Thaddeus O’Sullivan Talks About How The Miracle Club Took Him To His Roots | Exclusive

 The Miracle Club is brought to screen by the filmmaker, Thaddeus O’Sullivan. The ideal director to bring us a vision of Ireland in the 60s with characters pinning their hope on a miracle.

The Miracle Club | Official TrailerThe Miracle Club is brought to screen by the filmmaker, Thaddeus O’Sullivan. The ideal director to bring us a vision of Ireland in the 60s with characters pinning their hope on a miracle

The Synopsis 


Set in 1967, THE MIRACLE CLUB is a heartwarming film that follows the story of three generations of close friends, Lily (Maggie Smith, Downton Abbey”), Eileen (Kathy Bates, “Titanic”), and Dolly (Agnes O’Casey, “Longbourn”) of Ballygar, a hard-knocks community in Dublin, who have one tantalizing dream: to win a pilgrimage to the sacred French town of Lourdes, that place of miracles that draws millions of visitors each year.  When the chance to win presents itself, the women seize it. However, just before their trip, their old friend Chrissie (Laura Linney, “Ozark”) arrives in Ballygar for her Mother’s funeral, dampening their good mood and well-laid plans. The women secure tickets and set out on the journey that they hope will change their lives, with Chrissie joining in place of her mother. The glamor and sophistication of Chrissie, who has just returned from a nearly 40-year exile in the United States, are not her only difficult traits. Old wounds are reopened along the way, forcing the women to confront their pasts even as they travel in search of a miracle. Deep wounds from the past can only be healed by the curative power of love and friendship.

Nancy Tapia: Hi. How are you?

Thaddeus O’Sullivan: Hi, very well, thank you. How are you?

Nancy Tapia: I’m doing great. I loved The Miracle Club. One of the characters couldn’t explain it better, and I loved the line, “You come for strength when there is no miracle.”

Thaddeus O’Sullivan: Yes, the strength to go on when there is no miracle.
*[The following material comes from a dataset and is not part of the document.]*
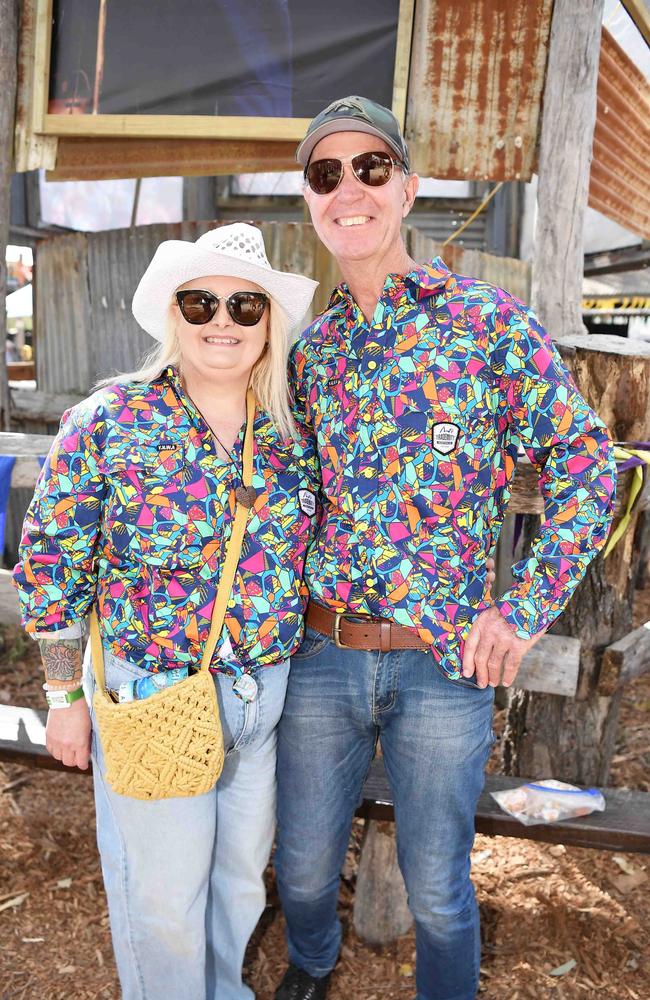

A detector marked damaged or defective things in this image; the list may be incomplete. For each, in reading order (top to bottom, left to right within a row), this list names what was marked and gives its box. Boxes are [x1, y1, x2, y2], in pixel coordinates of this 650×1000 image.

rusty metal sheet [404, 0, 552, 182]
rusty metal sheet [588, 29, 648, 240]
Yeah.

Nancy Tapia: That’s brilliant. I understand you are from Ireland, so I’m wondering if the films kind of took you back to the roots of your childhood growing up?

Thaddeus O’Sullivan: Quite a lot of it does. I left Ireland to live in London around about that period, the mid-’60s. So I was interested to set it there. It’s the Ireland I know, I guess, up to that point. The Ireland after that, I’ve known secondhand. But that particular period and I guess the ’50s as well was clear in my mind. Having lived in that period, I thought it was a good period to set it in so I knew what I was talking about, so to speak. It did remind me a lot of, I came from a similar background, so design and language and all the elements that go to make up a world, I was reasonably familiar with. So in that sense, I was on familiar territory, and it was, I wouldn’t say nostalgic to go back there, so to speak, but it was refreshing to look at it again, especially through the eyes of the women.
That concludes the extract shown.